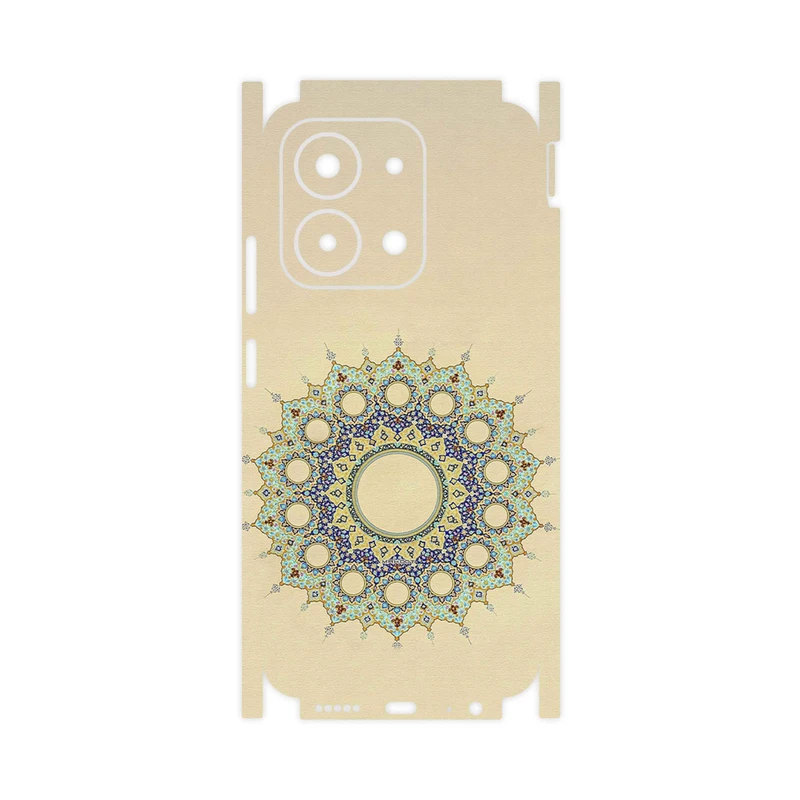 برچسب پوششی ماهوت مدل Art of Illumination 2-FullSkin مناسب برای گوشی موبایل شیائومی Redmi 15C 4G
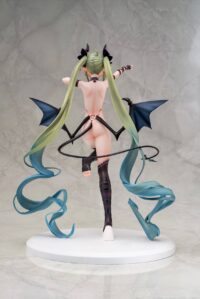 Descubre el apasionante mundo de Figura Hentai Riisu-chan.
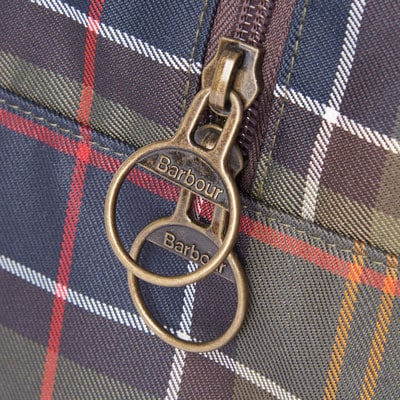 Barbour Torridon Tartan Holdall Classic Tartan - Afbeelding 4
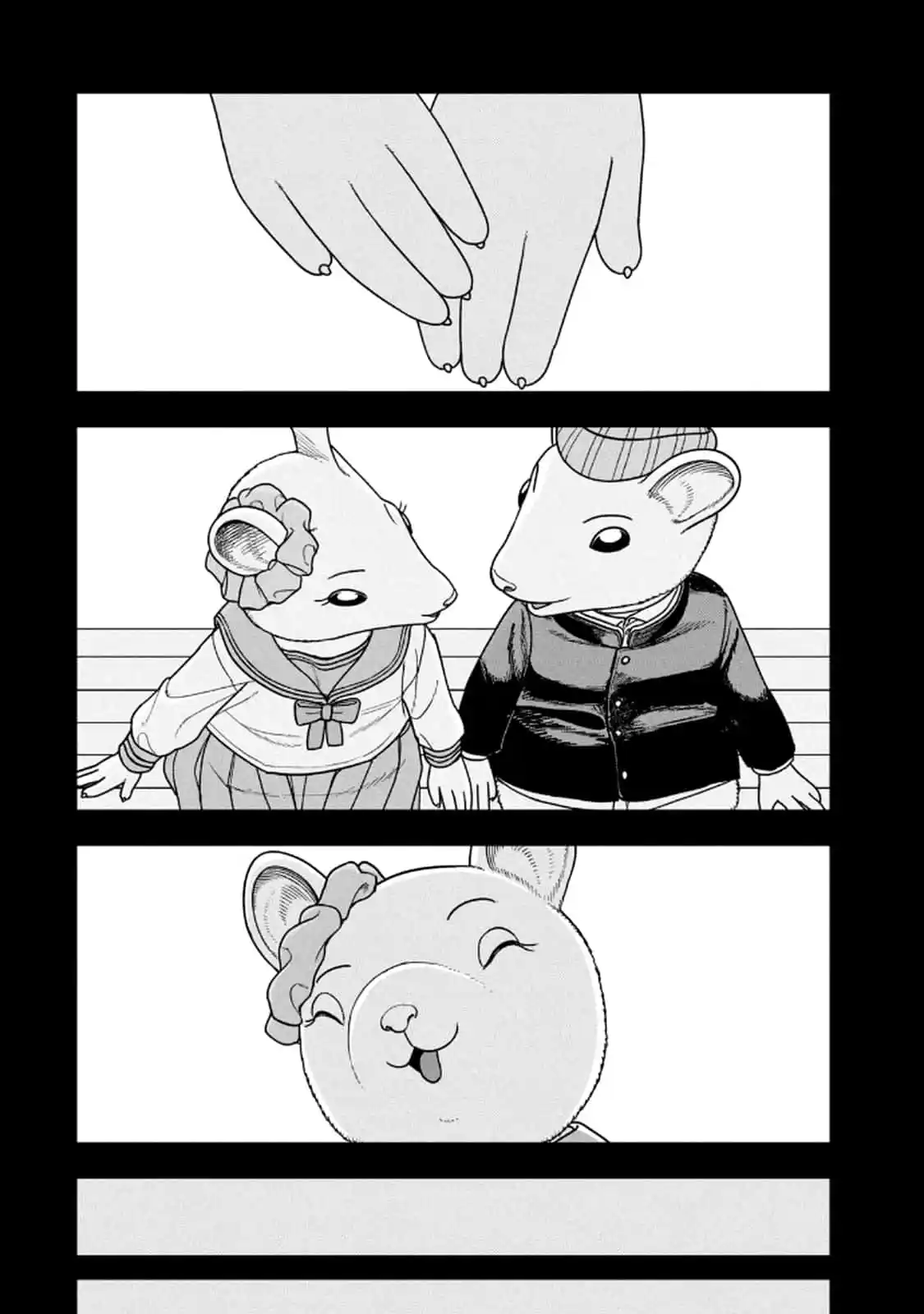 Nezumi Royale - Capítulo 16 - Página 15 - LectorTMOo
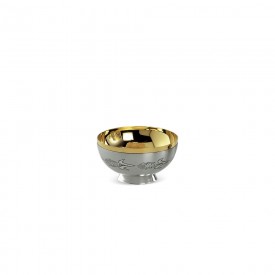 Paten CESELLO Design in Brass with Silver Finishing #329 B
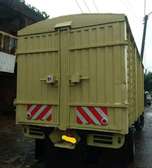 Mitsubishi FH,Lipa pole pole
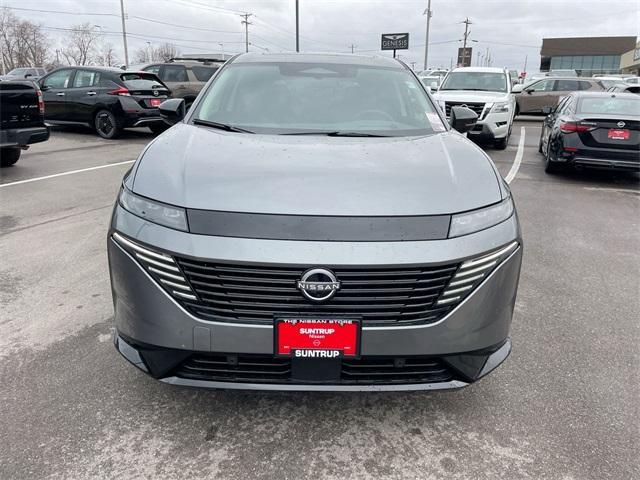 new 2025 Nissan Murano car, priced at $51,800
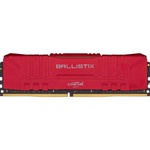 Модуль памяти для компьютера DDR4 32GB 3200 MHz Ballistix Red MICRON (BL32G32C16U4R)
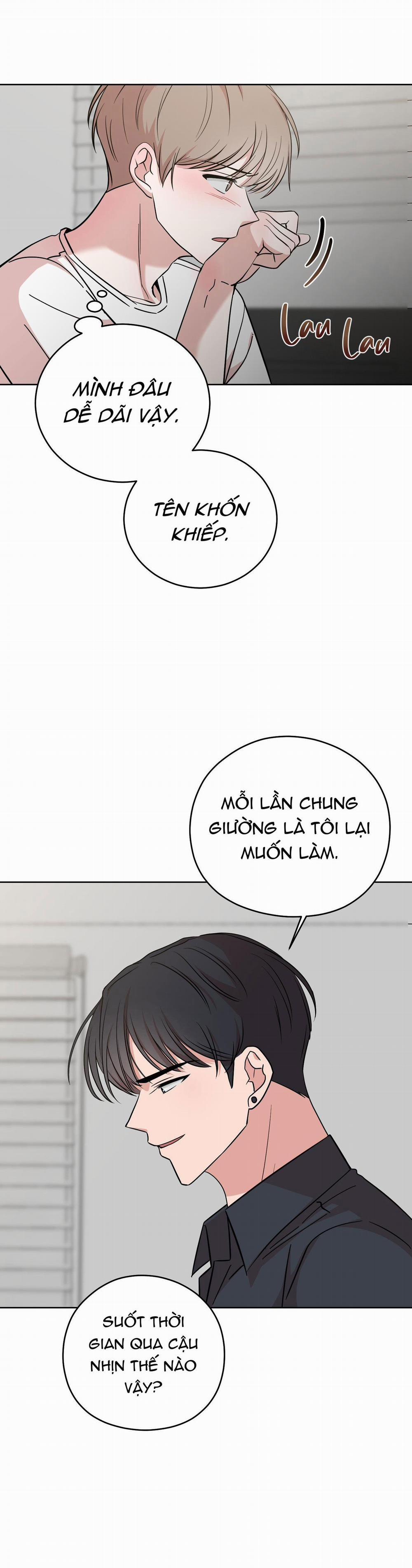 Tình Huống Không Tránh Khỏi 3 trang 15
——————
What this task involves
Copy all of the listing word for word, minus the images.

Written solution
 برچسب پوششی ماهوت مدل Art of Illumination 2-FullSkin مناسب برای گوشی موبایل شیائومی Redmi 15C 4G
 Descubre el apasionante mundo de Figura Hentai Riisu-chan.
 Barbour Torridon Tartan Holdall Classic Tartan - Afbeelding 4
 Nezumi Royale - Capítulo 16 - Página 15 - LectorTMOo
 Paten CESELLO Design in Brass with Silver Finishing #329 B
 Mitsubishi FH,Lipa pole pole
 new 2025 Nissan Murano car, priced at $51,800
 Модуль памяти для компьютера DDR4 32GB 3200 MHz Ballistix Red MICRON (BL32G32C16U4R)
 Tình Huống Không Tránh Khỏi 3 trang 15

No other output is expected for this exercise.